Since \(\frac{a_{0}}{8}+\frac{a_{1}}{4}+\frac{a_{2}}{2}+a_{3}<1\), this inequality implies that \(\|u'''\|_{2}=0\). By (2.2), \(\|u\|_{2}\le \frac{1}{2 \sqrt{2}}\|u'''\|_{2}\), so we have \(\|u\|_{2}=0\). Hence \(u_{1}=u_{2}\). This means that BVP (1.1) has only one solution.

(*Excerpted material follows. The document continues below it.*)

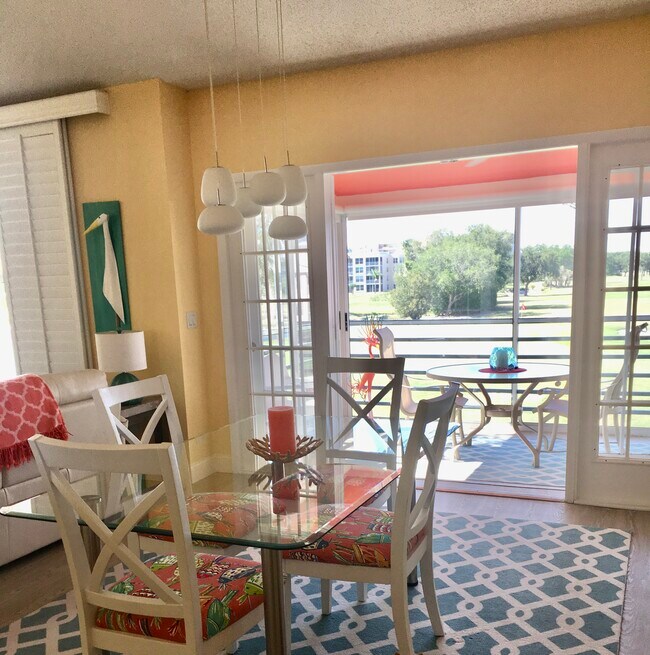 Building Photo - 4330 Pinebrook Cir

The proof of Theorem 1.2 is completed. □

Example 2.1

Consider the following superlinear fourth-order boundary value problem:

$$ \textstyle\begin{cases} u^{(4)}=2 u+3u^{\prime 2}u''+5u^{\prime\prime3}u^{\prime\prime\prime2}+x\sin \pi x, \quad x\in I, \\ u(0)=u'(0)=u''(1)=u'''(1)=0. \end{cases} $$
(2.25)

We verify that the corresponding nonlinearity

$$ f(x, y_{0}, y_{1}, y_{2}, y_{3})=2y_{0}+3{y_{1}}^{2}y_{2}+5{y_{2}} ^{3}{y_{3}}^{2}+x\sin \pi x $$
(2.26)

satisfies the conditions of Theorem 1.1. Choose \(a_{0}=1\), \(a_{1}=0\), \(a_{2}=\frac{5}{4}\), \(a_{3}=0\), and \(b=1\), then \(\frac{a_{0}}{8}+\frac{a _{1}}{4}+\frac{a_{2}}{2}+a_{3}=\frac{3}{4}<1\). For every \((x, y_{0}, y _{1}, y_{2}, y_{3})\in [0, 1]\times {\mathbb{R}}^{4}\), we have

$$\begin{aligned} -f(x, y_{0}, y_{1}, y_{2}, y_{3}) y_{2} =& -2y_{0}y_{2}-3{y_{1}}^{2} {y_{2}}^{2}-5{y_{2}}^{4}{y_{3}}^{2}+(x \sin \pi x)y_{2} \\ \le & 2 \vert y_{0} \vert \vert y_{2} \vert + \vert y_{2} \vert \le {y_{0}}^{2}+{y_{2}}^{2}+ \frac{1}{4}{y_{2}}^{2}+1 \\ =& a_{0}{y_{0}}^{2}+a_{1}{y_{1}}^{2}+a_{2}{y_{2}}^{2}+a_{3}{y_{3}} ^{2}+b. \end{aligned}$$

Hence, f satisfies Condition (F1). Since \(f(x, y_{0}, y_{1}, y_{2}, y_{3})\) is quadratic growth on \(y_{2}\) by (2.26), it follows that (F2) holds. Hence, by Theorem 1.1, BVP (2.25) has at least one solution. It should be pointed out that this conclusion cannot be obtained from the known results of References [1,2,3,4,5,6,7,8,9,10,11,12,13,14,15,16,17].